Using the records below, find how many lines hold the word "Gear" and reply with only that number.

-------- PROVIDED RECORDS

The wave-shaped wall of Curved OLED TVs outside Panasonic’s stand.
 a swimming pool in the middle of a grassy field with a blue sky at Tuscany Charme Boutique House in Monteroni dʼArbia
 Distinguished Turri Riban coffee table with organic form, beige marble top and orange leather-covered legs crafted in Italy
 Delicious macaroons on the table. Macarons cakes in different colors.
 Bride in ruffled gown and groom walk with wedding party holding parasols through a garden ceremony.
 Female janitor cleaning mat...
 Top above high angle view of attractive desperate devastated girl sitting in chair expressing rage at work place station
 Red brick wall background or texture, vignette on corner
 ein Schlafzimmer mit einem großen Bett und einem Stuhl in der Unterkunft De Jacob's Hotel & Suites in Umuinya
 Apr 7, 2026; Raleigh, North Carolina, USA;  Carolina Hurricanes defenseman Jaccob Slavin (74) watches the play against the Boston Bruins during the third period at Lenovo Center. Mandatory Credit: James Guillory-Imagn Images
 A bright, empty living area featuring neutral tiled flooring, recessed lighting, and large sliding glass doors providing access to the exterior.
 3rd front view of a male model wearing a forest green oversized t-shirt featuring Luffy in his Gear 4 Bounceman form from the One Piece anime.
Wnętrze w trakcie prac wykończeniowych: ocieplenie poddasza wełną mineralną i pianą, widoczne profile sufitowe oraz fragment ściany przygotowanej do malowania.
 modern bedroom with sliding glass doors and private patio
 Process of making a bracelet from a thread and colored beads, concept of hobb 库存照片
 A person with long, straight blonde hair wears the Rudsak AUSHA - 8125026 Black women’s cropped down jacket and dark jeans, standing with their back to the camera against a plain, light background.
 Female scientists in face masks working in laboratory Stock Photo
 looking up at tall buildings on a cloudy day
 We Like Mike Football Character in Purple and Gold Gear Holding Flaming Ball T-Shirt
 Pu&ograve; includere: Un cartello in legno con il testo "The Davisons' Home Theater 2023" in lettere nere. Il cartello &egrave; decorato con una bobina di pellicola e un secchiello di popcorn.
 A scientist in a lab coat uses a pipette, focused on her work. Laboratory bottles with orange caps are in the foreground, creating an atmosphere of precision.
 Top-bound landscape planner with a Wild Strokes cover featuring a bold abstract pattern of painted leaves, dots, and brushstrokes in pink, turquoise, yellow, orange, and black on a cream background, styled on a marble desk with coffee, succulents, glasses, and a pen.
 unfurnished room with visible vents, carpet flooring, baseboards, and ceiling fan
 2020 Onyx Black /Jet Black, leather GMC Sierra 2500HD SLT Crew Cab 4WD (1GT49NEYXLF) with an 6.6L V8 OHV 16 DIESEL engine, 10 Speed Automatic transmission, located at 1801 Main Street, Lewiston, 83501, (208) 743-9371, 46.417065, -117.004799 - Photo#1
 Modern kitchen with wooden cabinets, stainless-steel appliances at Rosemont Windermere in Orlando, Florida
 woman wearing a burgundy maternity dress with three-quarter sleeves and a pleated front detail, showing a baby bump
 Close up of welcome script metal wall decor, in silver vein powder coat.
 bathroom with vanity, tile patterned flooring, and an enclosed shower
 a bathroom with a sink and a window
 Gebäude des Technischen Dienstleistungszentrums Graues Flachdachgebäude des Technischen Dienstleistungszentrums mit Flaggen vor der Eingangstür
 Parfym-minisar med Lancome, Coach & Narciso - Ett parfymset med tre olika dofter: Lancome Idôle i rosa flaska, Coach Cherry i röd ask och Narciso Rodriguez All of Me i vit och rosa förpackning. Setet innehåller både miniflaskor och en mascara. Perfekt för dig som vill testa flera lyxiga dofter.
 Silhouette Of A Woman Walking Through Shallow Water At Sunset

----------------

● **ANSWER**
2